These experiences involve self-guided museum tours, staff-led discussions on the museum’s history, and prompted explorations.
“They have to choose their own adventure that leads into their final project where they’re looking critically at a museum as an institution,” she said.
Making new discoveries
For first-year student Sloane Zuniga, studying business management, the course allowed her to see parts of campus that she wouldn’t have known otherwise.
“My favorite part of this class is honestly the fact I get to travel to different parts of campus,” she said. “I didn’t know that half of the locations were a thing or that certain buildings had museums in them.”
Zuniga was also able to approach her business management major from a new angle, noting how museums manage the movement of information and services.
“I would like to go on to study Supply Chain Management,” she said. “This museum class helps show how these connected processes work together in a real-world setting.”
The course enriches student careers through a holistic approach, no matter what career path they choose to go down.
“Not all of the students in my class are going to go into museum positions,” she said. “But a lot of them are probably going to work for institutions and companies, so really thinking about the practices of museums more holistically in terms of respecting people’s positions and respecting different communities to create an environment that is supportive.”

The Holistic Approach
The course’s holistic approach first dives into the internal systems of museums. Students can take a look into what works, and what doesn’t.
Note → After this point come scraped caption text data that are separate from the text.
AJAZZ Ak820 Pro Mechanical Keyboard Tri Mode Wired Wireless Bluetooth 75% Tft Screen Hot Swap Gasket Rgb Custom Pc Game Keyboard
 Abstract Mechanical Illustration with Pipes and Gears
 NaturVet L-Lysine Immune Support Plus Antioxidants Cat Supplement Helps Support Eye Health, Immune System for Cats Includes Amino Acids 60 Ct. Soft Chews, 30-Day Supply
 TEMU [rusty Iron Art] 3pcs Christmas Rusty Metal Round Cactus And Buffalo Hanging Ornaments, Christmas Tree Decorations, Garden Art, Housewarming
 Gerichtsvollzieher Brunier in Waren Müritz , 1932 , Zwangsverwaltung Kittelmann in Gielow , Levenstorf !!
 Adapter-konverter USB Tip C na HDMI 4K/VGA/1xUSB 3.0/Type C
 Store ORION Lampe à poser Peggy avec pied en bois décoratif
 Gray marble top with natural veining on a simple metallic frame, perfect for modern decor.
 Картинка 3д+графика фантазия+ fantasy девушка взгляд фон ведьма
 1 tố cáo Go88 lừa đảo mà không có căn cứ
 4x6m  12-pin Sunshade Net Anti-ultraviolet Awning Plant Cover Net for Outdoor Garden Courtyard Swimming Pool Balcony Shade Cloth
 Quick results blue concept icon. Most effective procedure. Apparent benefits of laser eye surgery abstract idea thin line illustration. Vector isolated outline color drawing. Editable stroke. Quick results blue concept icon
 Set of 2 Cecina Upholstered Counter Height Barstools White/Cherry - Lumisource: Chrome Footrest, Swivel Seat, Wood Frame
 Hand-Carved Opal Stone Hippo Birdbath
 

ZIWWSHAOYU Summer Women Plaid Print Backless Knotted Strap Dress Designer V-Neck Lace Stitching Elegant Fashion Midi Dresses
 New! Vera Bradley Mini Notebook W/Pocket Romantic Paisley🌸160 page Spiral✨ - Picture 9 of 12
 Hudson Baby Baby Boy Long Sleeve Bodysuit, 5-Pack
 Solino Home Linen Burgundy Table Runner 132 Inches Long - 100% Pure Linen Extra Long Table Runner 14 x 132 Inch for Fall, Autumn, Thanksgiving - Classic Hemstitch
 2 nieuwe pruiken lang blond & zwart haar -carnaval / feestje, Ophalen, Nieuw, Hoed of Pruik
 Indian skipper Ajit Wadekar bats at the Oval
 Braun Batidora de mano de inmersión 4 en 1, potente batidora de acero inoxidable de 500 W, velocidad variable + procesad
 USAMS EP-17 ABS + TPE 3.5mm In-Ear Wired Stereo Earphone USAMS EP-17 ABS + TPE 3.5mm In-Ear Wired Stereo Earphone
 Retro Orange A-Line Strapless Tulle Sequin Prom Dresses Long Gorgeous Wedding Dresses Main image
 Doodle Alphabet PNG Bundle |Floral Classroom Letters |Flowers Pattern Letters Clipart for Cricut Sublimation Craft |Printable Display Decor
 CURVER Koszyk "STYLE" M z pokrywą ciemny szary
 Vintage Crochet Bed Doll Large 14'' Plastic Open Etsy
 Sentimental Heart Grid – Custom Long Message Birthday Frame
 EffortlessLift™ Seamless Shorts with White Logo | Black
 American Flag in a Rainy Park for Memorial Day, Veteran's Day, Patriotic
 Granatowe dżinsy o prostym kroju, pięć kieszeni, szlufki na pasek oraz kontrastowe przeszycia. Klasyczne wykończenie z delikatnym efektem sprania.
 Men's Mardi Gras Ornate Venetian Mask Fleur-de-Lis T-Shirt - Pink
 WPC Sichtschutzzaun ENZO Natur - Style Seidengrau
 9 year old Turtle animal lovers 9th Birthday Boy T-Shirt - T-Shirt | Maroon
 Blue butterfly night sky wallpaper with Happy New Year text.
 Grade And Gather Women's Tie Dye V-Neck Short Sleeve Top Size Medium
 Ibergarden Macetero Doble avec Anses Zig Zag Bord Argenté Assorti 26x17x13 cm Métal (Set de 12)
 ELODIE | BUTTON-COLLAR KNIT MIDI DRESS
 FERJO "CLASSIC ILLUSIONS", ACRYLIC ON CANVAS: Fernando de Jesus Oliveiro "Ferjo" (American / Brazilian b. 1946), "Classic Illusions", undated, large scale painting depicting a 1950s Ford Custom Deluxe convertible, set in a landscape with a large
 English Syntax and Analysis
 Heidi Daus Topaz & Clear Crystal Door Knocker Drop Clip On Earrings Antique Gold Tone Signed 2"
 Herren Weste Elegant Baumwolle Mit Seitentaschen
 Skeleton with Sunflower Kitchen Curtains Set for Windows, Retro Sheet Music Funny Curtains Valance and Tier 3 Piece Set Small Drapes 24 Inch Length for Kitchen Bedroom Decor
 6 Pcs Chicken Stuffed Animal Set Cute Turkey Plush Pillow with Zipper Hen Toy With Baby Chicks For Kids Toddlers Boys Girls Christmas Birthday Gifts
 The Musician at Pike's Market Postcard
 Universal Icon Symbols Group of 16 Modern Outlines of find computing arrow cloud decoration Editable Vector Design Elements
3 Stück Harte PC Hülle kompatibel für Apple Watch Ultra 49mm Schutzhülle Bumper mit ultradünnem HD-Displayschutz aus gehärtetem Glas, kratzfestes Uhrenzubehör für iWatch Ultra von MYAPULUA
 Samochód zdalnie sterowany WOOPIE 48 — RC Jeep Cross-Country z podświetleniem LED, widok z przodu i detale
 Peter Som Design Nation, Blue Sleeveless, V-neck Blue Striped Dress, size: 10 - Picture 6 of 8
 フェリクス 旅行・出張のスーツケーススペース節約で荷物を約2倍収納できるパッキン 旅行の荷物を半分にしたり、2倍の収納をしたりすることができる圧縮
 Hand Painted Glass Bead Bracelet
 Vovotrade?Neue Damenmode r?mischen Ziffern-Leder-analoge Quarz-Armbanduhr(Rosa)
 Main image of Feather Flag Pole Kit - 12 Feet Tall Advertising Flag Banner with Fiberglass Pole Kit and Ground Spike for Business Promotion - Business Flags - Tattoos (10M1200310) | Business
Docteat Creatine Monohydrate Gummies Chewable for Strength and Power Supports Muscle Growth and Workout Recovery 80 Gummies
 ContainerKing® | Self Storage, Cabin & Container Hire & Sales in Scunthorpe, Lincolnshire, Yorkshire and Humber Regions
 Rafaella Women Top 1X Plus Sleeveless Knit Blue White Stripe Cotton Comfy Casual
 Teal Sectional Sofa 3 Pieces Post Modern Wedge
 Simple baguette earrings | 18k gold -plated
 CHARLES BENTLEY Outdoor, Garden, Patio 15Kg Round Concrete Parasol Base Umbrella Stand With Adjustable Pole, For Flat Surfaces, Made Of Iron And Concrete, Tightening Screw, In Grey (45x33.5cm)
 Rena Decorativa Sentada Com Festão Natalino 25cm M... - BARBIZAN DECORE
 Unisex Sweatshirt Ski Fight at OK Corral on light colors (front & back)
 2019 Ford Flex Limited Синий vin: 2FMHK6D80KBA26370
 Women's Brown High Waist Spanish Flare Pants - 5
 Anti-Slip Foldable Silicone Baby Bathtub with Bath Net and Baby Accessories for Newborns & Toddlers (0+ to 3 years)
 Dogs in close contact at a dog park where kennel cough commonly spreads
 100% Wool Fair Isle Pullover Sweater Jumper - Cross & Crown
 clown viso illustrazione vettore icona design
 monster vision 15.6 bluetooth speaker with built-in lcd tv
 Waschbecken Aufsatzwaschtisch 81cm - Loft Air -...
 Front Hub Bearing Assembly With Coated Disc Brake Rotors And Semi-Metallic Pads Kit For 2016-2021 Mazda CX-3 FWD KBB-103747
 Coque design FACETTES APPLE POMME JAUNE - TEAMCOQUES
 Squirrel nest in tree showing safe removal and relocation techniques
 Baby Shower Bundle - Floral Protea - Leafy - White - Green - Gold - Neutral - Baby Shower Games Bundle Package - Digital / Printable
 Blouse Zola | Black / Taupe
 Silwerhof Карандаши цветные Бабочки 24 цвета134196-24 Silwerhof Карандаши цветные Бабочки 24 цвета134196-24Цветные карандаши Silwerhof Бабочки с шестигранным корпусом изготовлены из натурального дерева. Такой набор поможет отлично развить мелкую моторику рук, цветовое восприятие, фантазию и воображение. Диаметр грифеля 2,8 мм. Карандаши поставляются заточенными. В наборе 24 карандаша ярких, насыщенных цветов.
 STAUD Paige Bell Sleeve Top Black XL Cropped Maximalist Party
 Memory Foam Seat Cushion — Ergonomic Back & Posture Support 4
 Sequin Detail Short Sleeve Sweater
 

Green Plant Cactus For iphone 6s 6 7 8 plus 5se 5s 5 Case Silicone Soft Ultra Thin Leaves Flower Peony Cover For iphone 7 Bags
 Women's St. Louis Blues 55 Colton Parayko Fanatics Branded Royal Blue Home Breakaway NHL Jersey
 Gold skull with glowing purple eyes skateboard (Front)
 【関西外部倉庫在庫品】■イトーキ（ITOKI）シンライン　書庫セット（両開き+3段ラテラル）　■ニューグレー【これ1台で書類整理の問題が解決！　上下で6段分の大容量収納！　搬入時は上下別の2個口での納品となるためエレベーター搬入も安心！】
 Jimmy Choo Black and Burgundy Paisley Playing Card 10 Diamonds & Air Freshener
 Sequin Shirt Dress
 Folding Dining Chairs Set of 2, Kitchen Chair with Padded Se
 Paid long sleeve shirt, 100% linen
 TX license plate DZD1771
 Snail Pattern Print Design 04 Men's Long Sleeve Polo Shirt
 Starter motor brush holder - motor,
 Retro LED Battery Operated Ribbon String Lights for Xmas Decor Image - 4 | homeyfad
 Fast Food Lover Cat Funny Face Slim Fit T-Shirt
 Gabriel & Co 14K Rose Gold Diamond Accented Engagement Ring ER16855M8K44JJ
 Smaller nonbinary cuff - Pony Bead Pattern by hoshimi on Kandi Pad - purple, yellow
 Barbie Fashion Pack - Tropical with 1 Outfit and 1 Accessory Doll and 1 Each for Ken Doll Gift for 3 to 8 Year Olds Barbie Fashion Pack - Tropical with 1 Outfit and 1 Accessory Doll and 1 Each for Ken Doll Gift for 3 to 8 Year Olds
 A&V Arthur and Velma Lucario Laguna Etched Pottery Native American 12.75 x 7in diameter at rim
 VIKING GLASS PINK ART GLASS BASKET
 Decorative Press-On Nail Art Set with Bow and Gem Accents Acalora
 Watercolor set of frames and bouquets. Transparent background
Then, they look at museums and their function within the community.
“We’re really taking that ecosystem approach of looking at these institutions as networks that are working together internally and externally, hopefully moving beyond the hierarchical traditional system where the director is making all the decisions and the curators are speaking for groups of people,” DiCindio said.
Mendoza said it was the museum staff that inspired her.
“Meeting the people at the museums – it’s very interesting to see people so passionate about their jobs.”